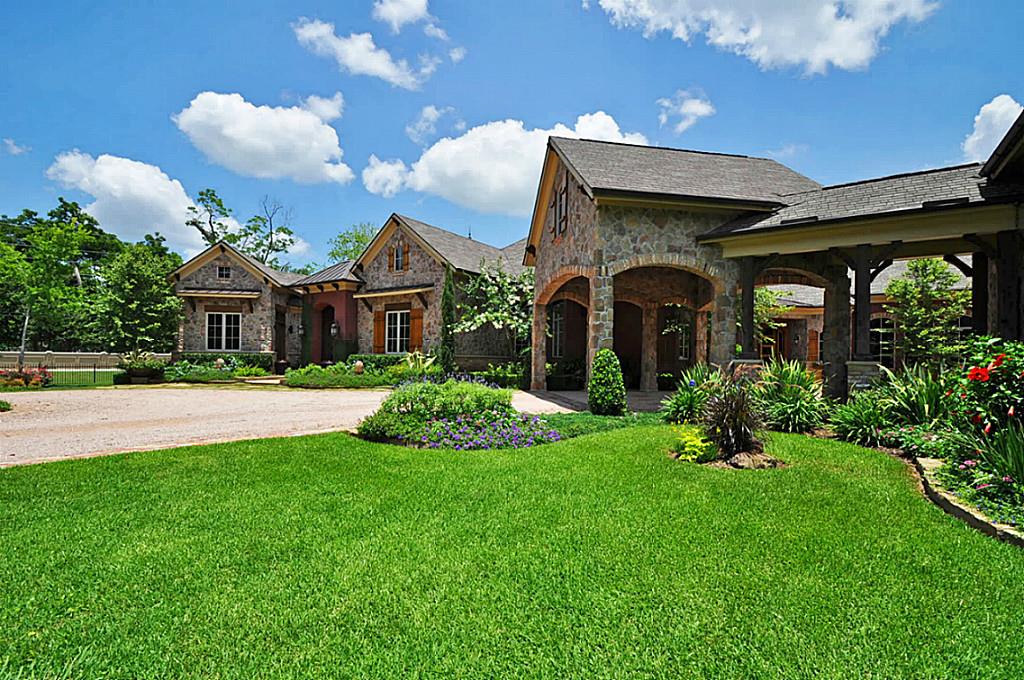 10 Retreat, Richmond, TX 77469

---

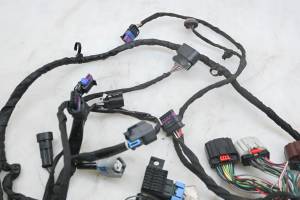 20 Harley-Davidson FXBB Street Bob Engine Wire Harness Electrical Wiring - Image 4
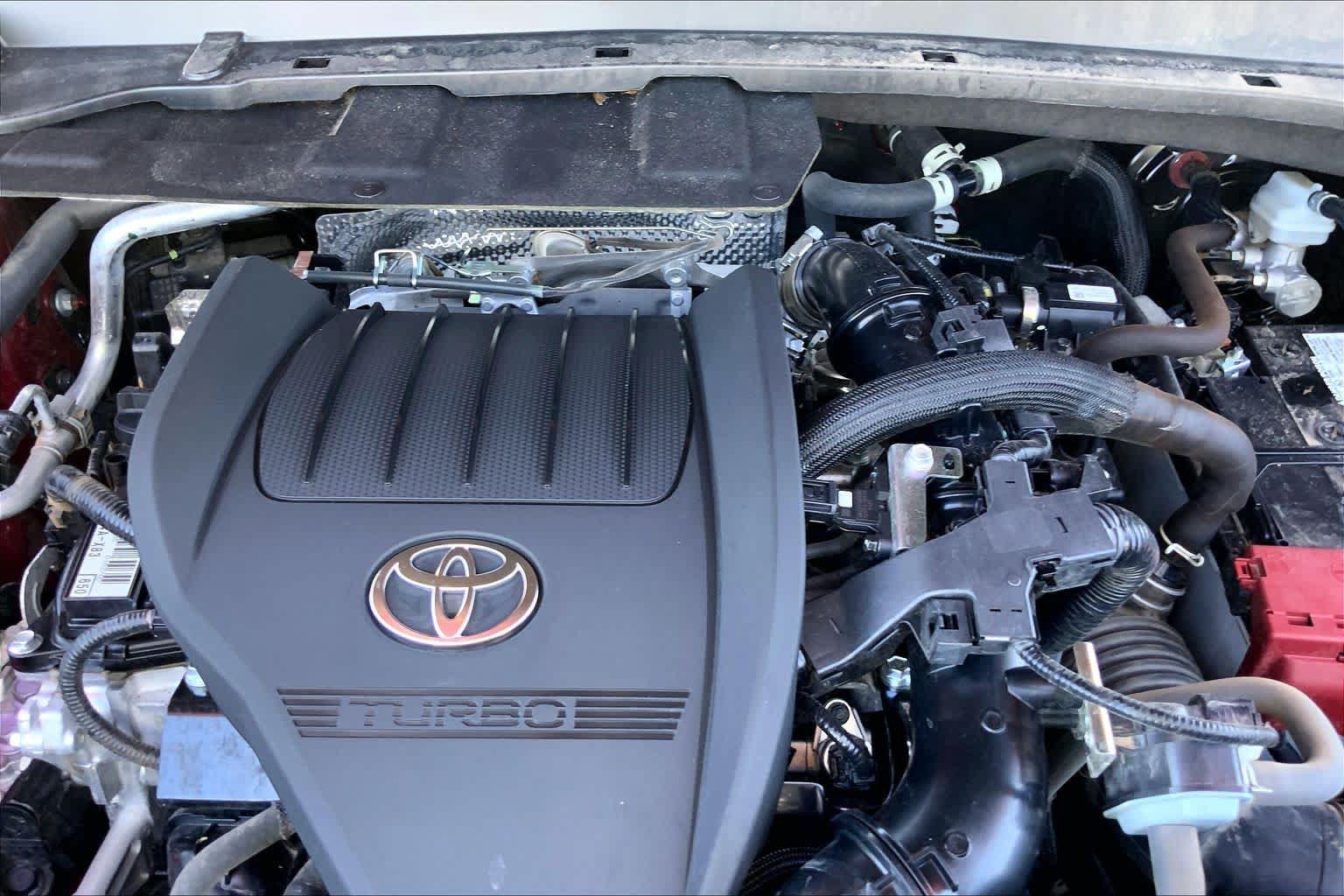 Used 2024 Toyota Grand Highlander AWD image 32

→ YOUR OBJECTIVE:
Starting with the line that has "20 Harley-Davidson FXBB" and ending with the line that has "Used 2024 Toyota", repeat the lines above exactly, omitting every picture.

→ PROBLEM SOLUTION:
 20 Harley-Davidson FXBB Street Bob Engine Wire Harness Electrical Wiring - Image 4
 Used 2024 Toyota Grand Highlander AWD image 32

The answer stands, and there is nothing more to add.